Writing Off Directors’ Loans: Taxing Times!
By Mark McLaughlin from Tax Insider
Mark McLaughlin notes that the tax treatment of family and owner-managed companies writing off loans to directors is not necessarily as straightforward as might first seem.
Director’s loan accounts (DLAs) are a common feature in the financial statements of family and owner-managed companies in particular. HM Revenue and Customs (HMRC) are keen to ensure that DLAs are treated correctly for tax and National Insurance contributions (NICs) purposes, and regard DLAs as a ‘risk’ in terms of potential errors.
Such is HMRC’s concern that they have published a ‘Directors Loan Account Toolkit’ (tinyurl.com/HMRC-DLA-Toolkit), which provides guidance on risk areas where errors often occur. One such risk area is the release or writing-off of a DLA.
A ‘close’ (i.e. broadly a closely-controlled) company is charged tax (at 32.5%) in certain circumstances where the company makes a loan to a ‘participator’ (e.g. shareholder), commonly in respect of the overdrawn loan account of a director-shareholder (CTA 2010, s 455). Where this tax charge arises, relief is generally available to the extent that the loan is subsequently repaid, released or written off.
However, where the loan is released or written off, income tax is charged on the shareholder at the same rates as dividend income. The dividend higher rate (i.e. 38.1% for 2018/19) compares favourably to the highest rate of income tax on a salary or bonus (i.e. 45%). Tax planning arrangements in respect of DLAs have been popular over the years. However, HMRC has often challenged them.
How are they taxed?
For example, in Esprit Logistics Management Ltd and Ors v Revenue and Customs  UKFTT 287 (TC), the appellants (in four separate appeals) were involved in similar directors’ loan waiver schemes. Under the arrangements, a board minute explained the company’s wish to release sums owing by the director by way of a bonus for the director’s services to the company, and a deed was executed setting out the sums released. The company did not pay employment income tax on the released amounts and deducted the sums released from company profits. HMRC challenged the schemes. Income tax determinations were made, and corporation tax closure notices were issued by HMRC for the tax years 2006/07 to 2009/10. The appellants appealed.
The appellants argued that the amounts released were taxable income of the directors at dividend tax rates (under ITTOIA 2005, s 415). HMRC contended that the amounts were taxable as employment income (under ITEPA 2003, Pt 2), on the basis that the waivers of the loans were, in reality, reward for the directors’ services. On the issue whether ITTOIA 2005, s 415 applied, the First-tier Tribunal noted that the documentation reflected that the company wanted to award the directors sums so they could pay off their loans, but instead of handing over the money only for it to be handed back to make the repayment, the company reduced the directors’ indebtedness.
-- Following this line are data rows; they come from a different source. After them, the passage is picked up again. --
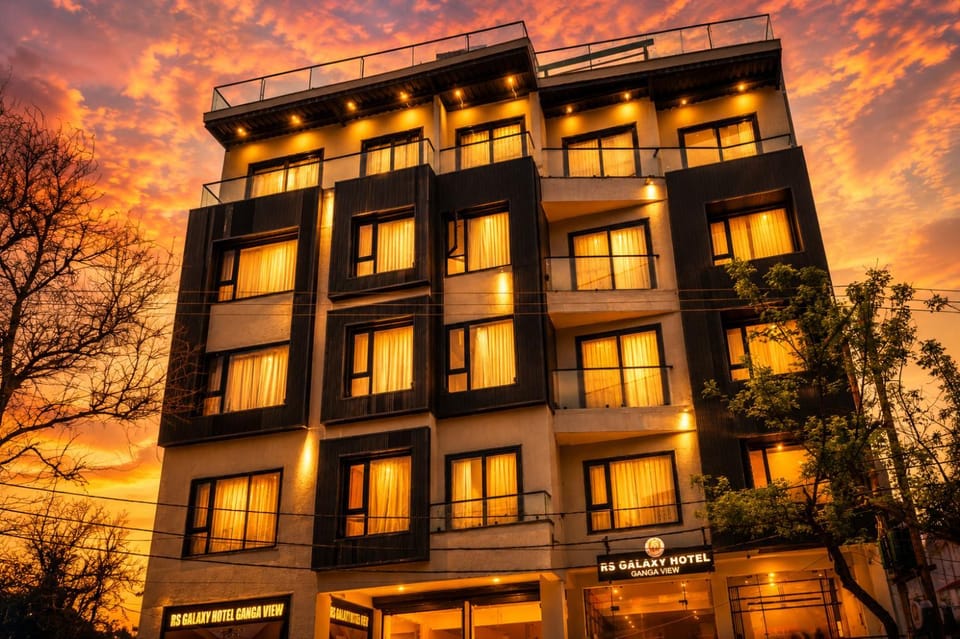 Property building, Sunset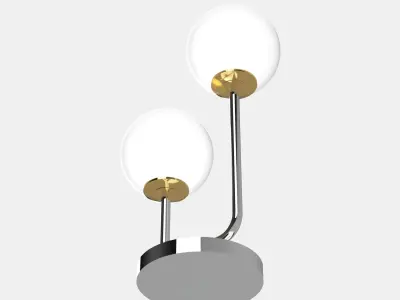 Modern Table Lamp Design 3D model
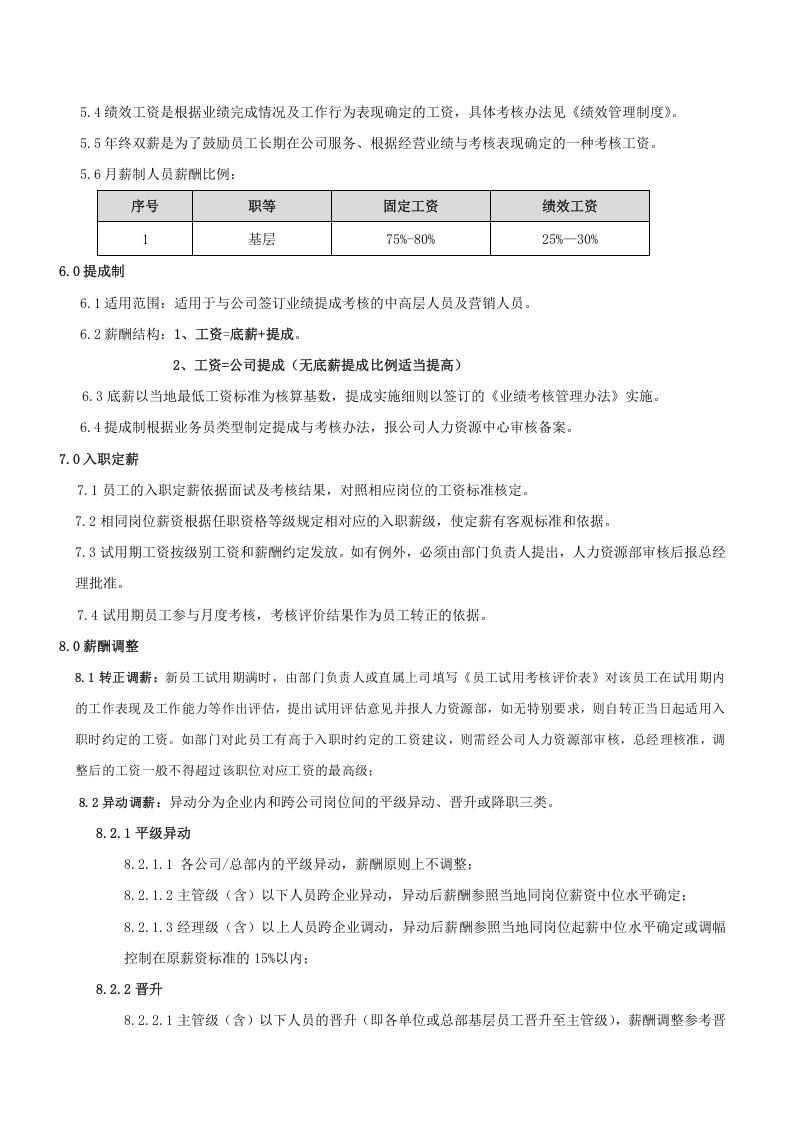XX数控机床薪酬管理制度.doc 第3页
The tribunal concluded on the facts that the transaction between the company and the director amounted to a repayment of the relevant loan, and that the appellant companies did not ‘release’ the loans for the purposes of the ITTOIA 2005, s 415 charge.
Other tax implications
The tribunal in Esprit Logistics Ltd did not decide a further tax issue, namely whether the loans to the directors were ‘loan relationships’ and whether the release of the loans was deductible for corporation tax purposes under those rules. However, it should be noted that the loans in that case were made before a change in law (from 24 March 2010), which denies a loan relationship deduction where a loan to a close company shareholder is released or written off (CTA 2009, s 321A).
If a loan is ‘repaid’ instead of released by being written off in lieu of remuneration, the company may be entitled to a tax deduction as employment income. However, the ‘flip-side’ is that PAYE and NICs will apply to the relevant amount. Unfortunately, the decision in Esprit Logistics Ltd was made in principle, and no decision was made by the tribunal on whether any PAYE obligation arose as earnings. However, the company paid NICs on the amounts written off.
HMRC’s view is that if the shareholder is also an employee, an amount released or written off will attract Class 1 NICs if it is remuneration or profit derived from an employment (SSCBA 1992, s 3(1); see HMRC’s Company Taxation manual at CTM61660). HMRC cites Stewart Fraser Ltd v RCC  UKFTT 46 (TC) as authority, although that case does not create a binding precedent and was decided on its particular facts.
For shareholders who are also employees, the write-off of a loan falls to be treated as earnings for income tax purposes (ITEPA 2003, s 188). However, where loans to participators of close companies are released and tax is chargeable under CTA 2010, s 415, that tax treatment takes precedence over the employment income charge. A double tax charge is, therefore, prevented (ITEPA 2003, s 189).